Below are the records to retype. Keep every character exactly and leave out the pictures.

+---+

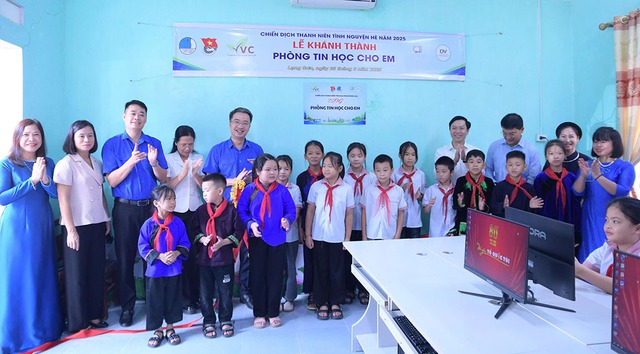 Công chức trẻ lan tỏa tinh thần tình nguyện từ vùng biên - Ảnh 1.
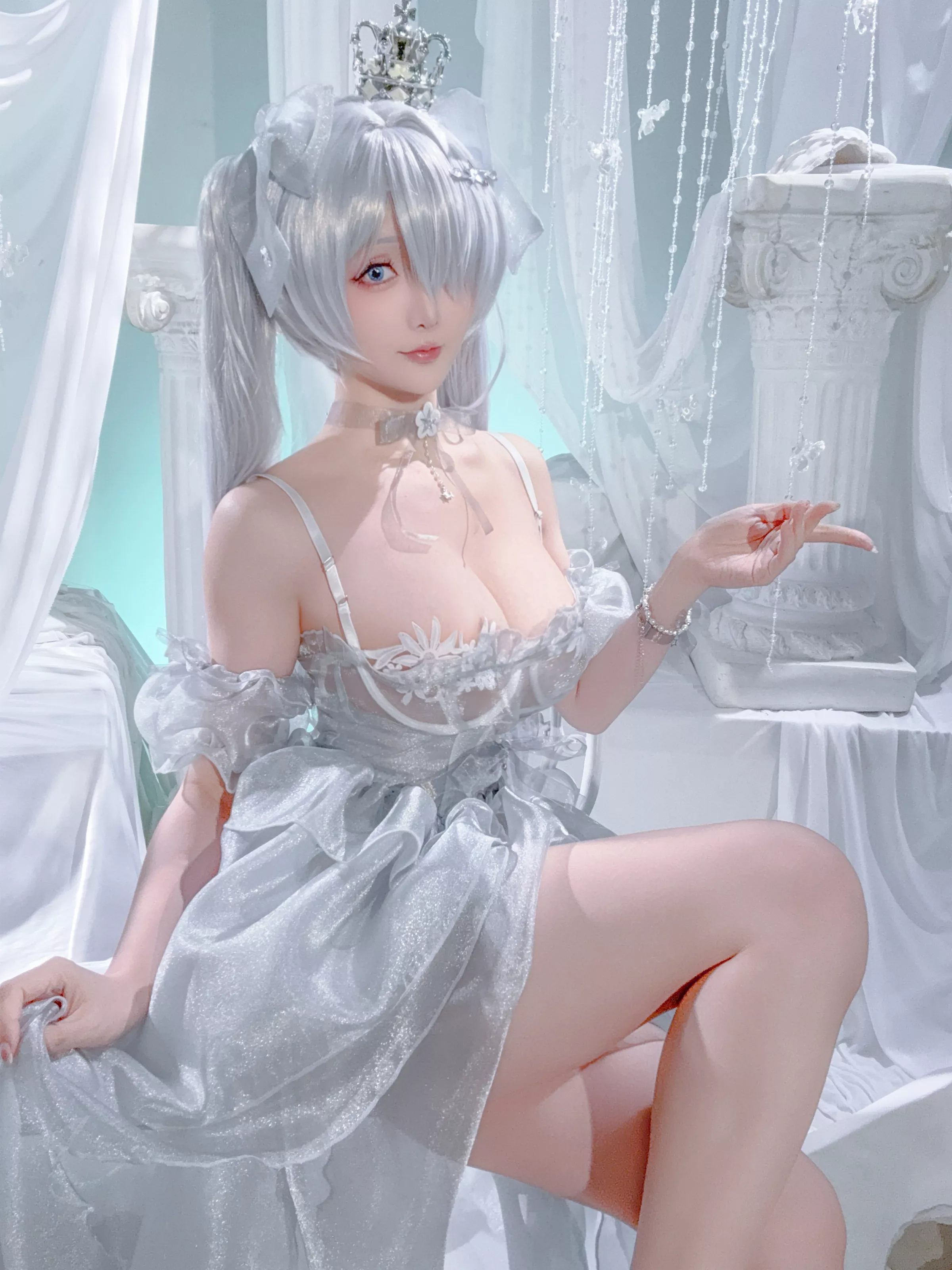 Coser小姐姐星之迟迟25年3月计划D灰姑娘主题性感灰色薄纱长裙秀丰腴身姿诱惑写真37P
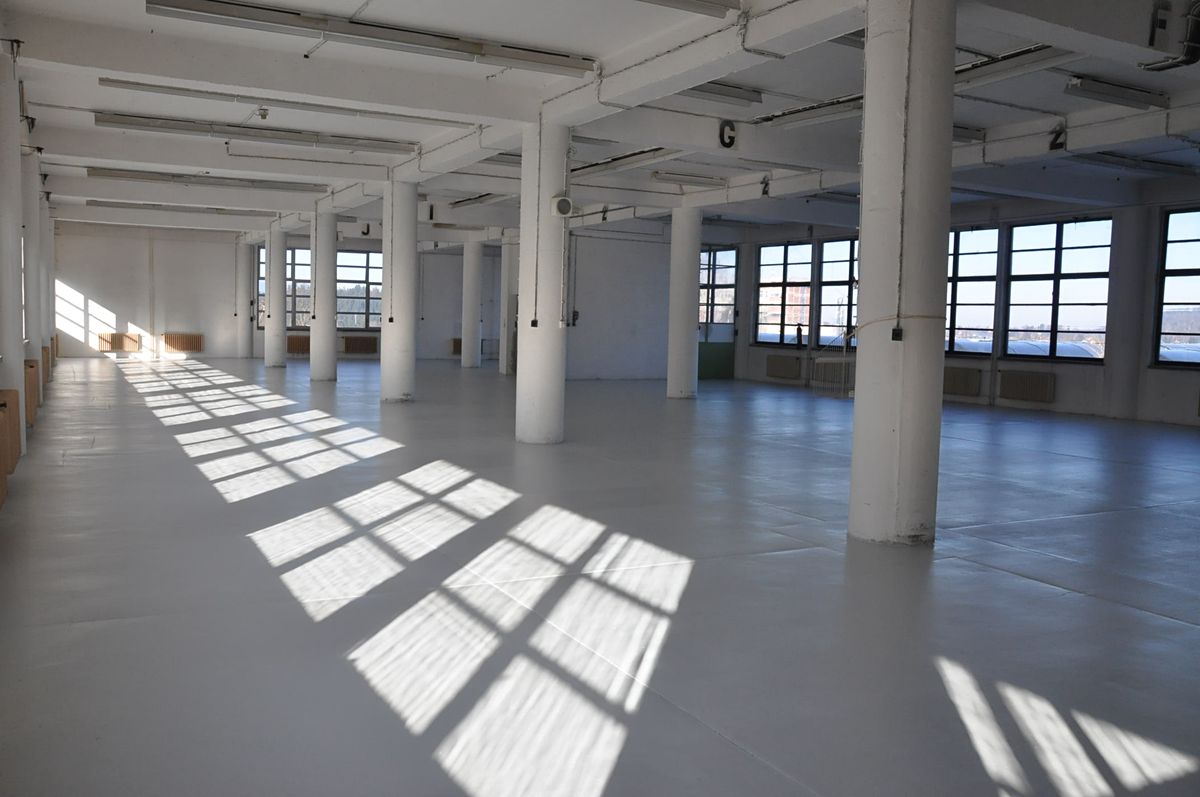 Pronájem skladového prostoru 1109 m² – fotografie 2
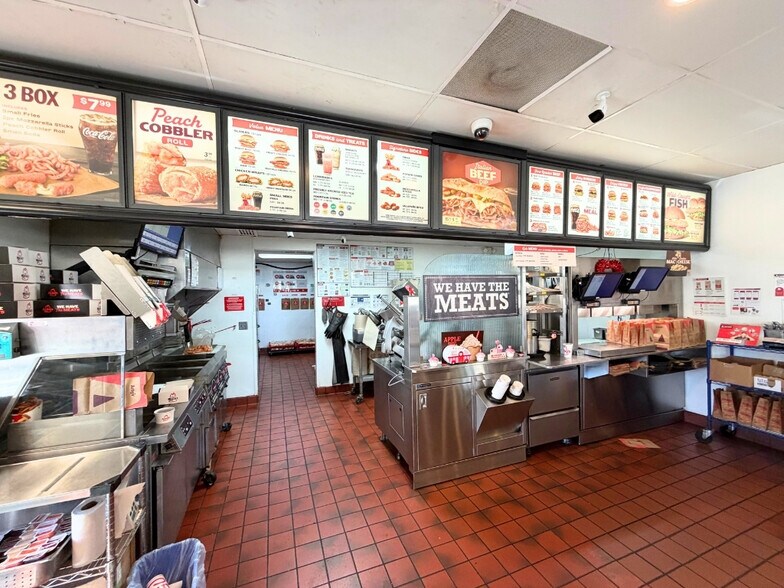 More Photos Of 670 S E St, San Bernardino Fast Food For Lease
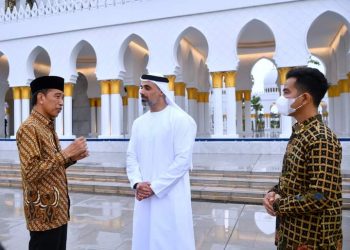 Presiden RI, Joko Widodo didampingi Wali Kota Surakarta Gibran Rakabuming Raka saat terima kunjungan Putra Presiden Persatuan Emirat Arab, Minggu (11/12).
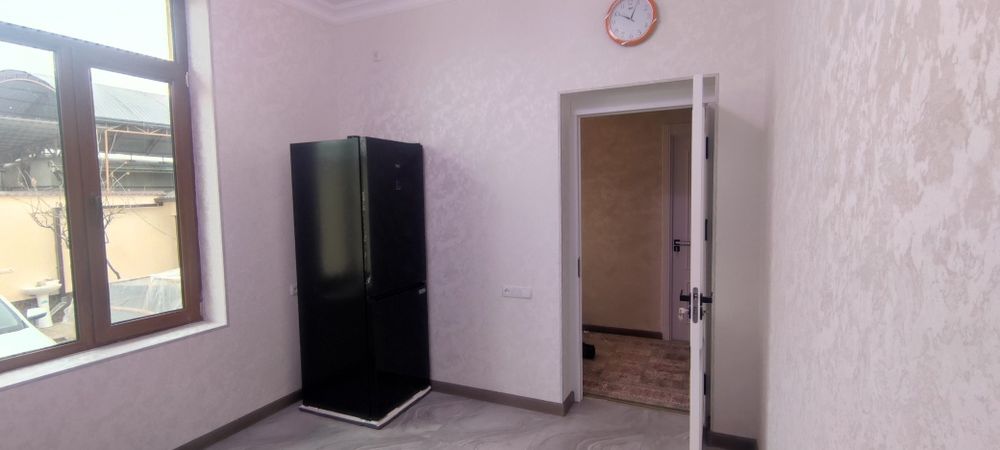 Янги қурилган ҳовли сотилади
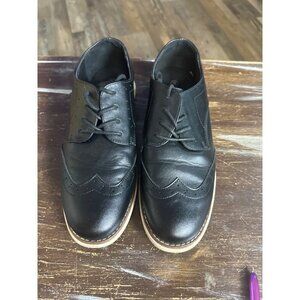 oliver mason  size 7m wing tip oxfords black with white optic sole  dress shoe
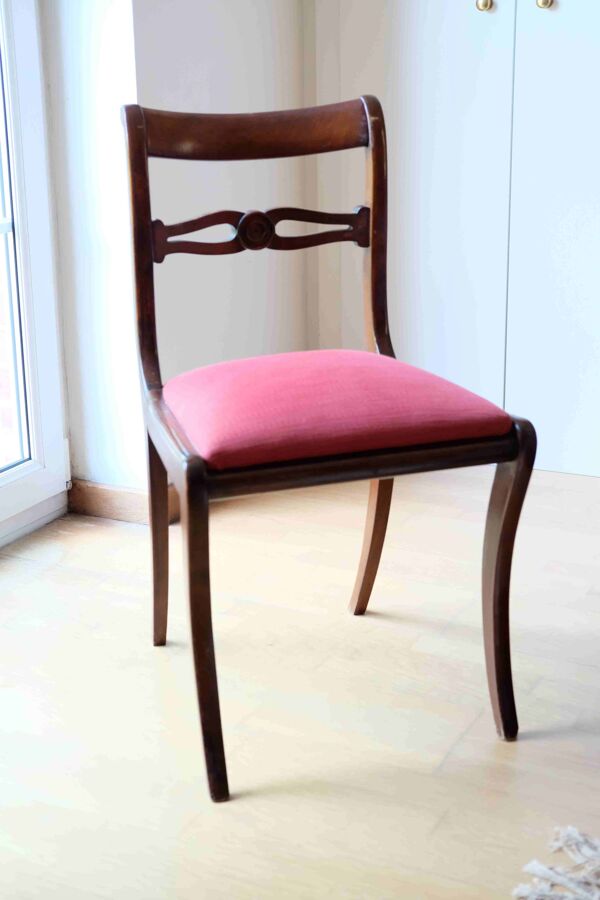 Chaise ancienne en bois – Dossier ajouré et assise rouge-rose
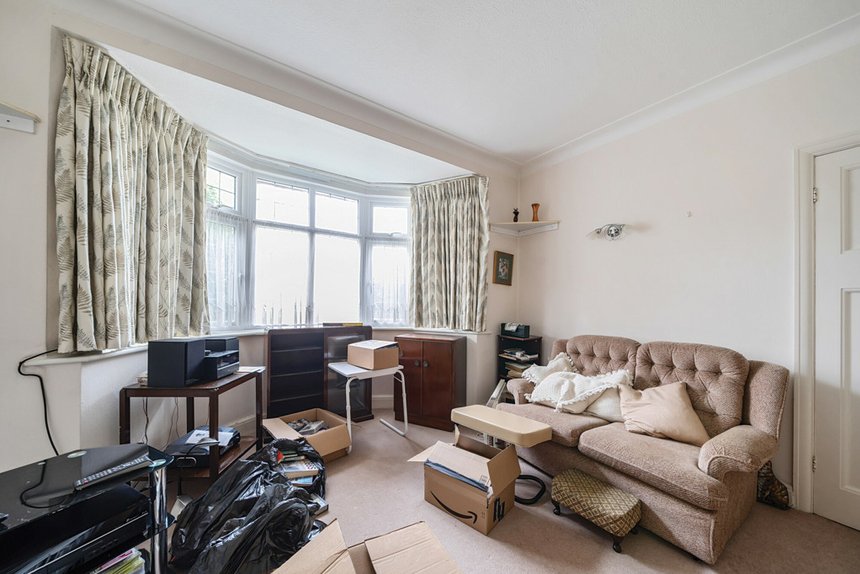 under offer oakington avenue london 35969 - Gibbs Gillespie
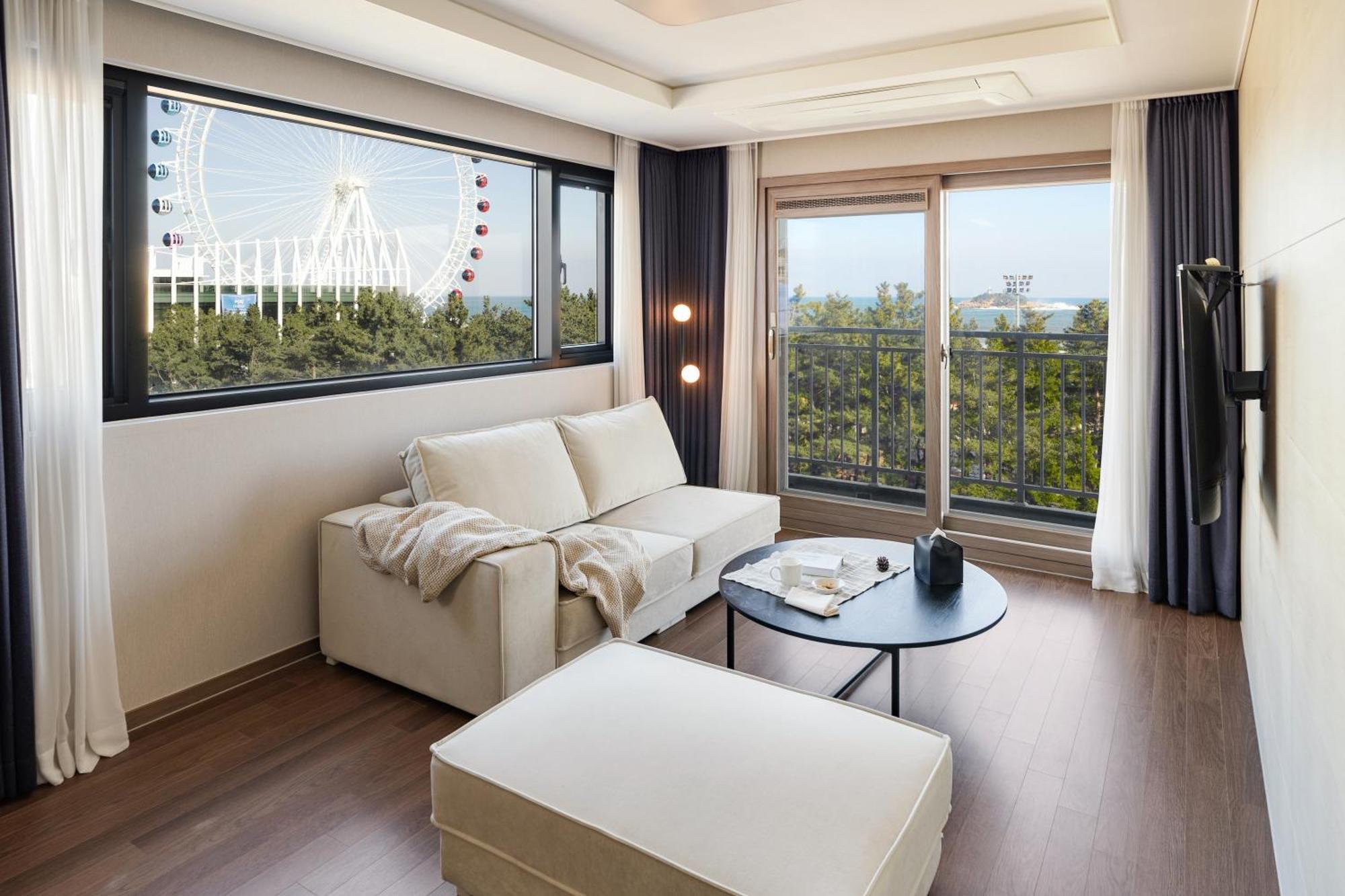 Urbanstay Sokcho Beach Ab Екстер'єр фото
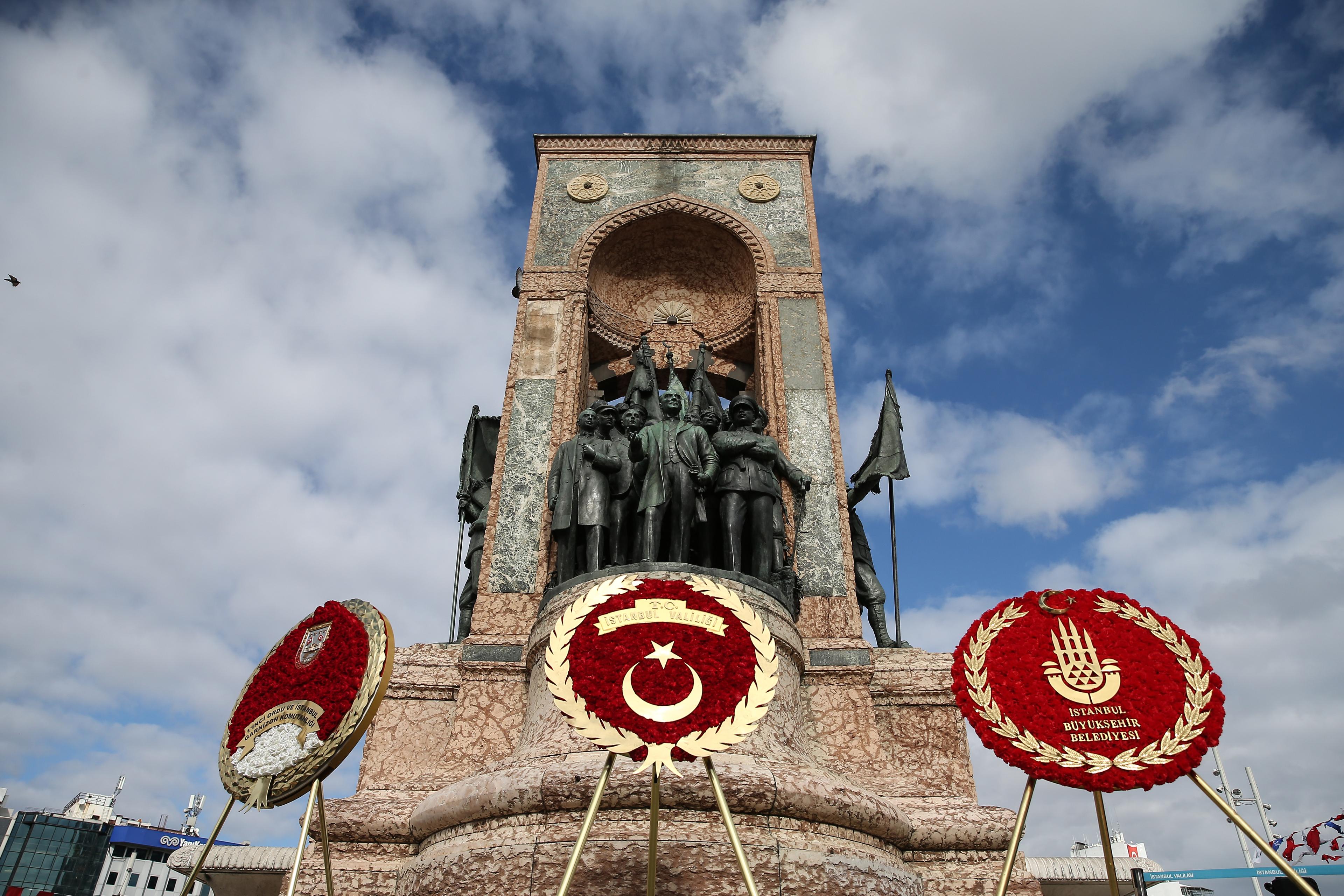 Taksim'de Cumhuriyet Bayramı töreni: Anıta çelenk bırakıldı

+---+

▸ Your solution:
 Công chức trẻ lan tỏa tinh thần tình nguyện từ vùng biên - Ảnh 1.
 Coser小姐姐星之迟迟25年3月计划D灰姑娘主题性感灰色薄纱长裙秀丰腴身姿诱惑写真37P
 Pronájem skladového prostoru 1109 m² – fotografie 2
 More Photos Of 670 S E St, San Bernardino Fast Food For Lease
 Presiden RI, Joko Widodo didampingi Wali Kota Surakarta Gibran Rakabuming Raka saat terima kunjungan Putra Presiden Persatuan Emirat Arab, Minggu (11/12).
 Янги қурилган ҳовли сотилади
 oliver mason  size 7m wing tip oxfords black with white optic sole  dress shoe
 Chaise ancienne en bois – Dossier ajouré et assise rouge-rose
 under offer oakington avenue london 35969 - Gibbs Gillespie
 Urbanstay Sokcho Beach Ab Екстер'єр фото
 Taksim'de Cumhuriyet Bayramı töreni: Anıta çelenk bırakıldı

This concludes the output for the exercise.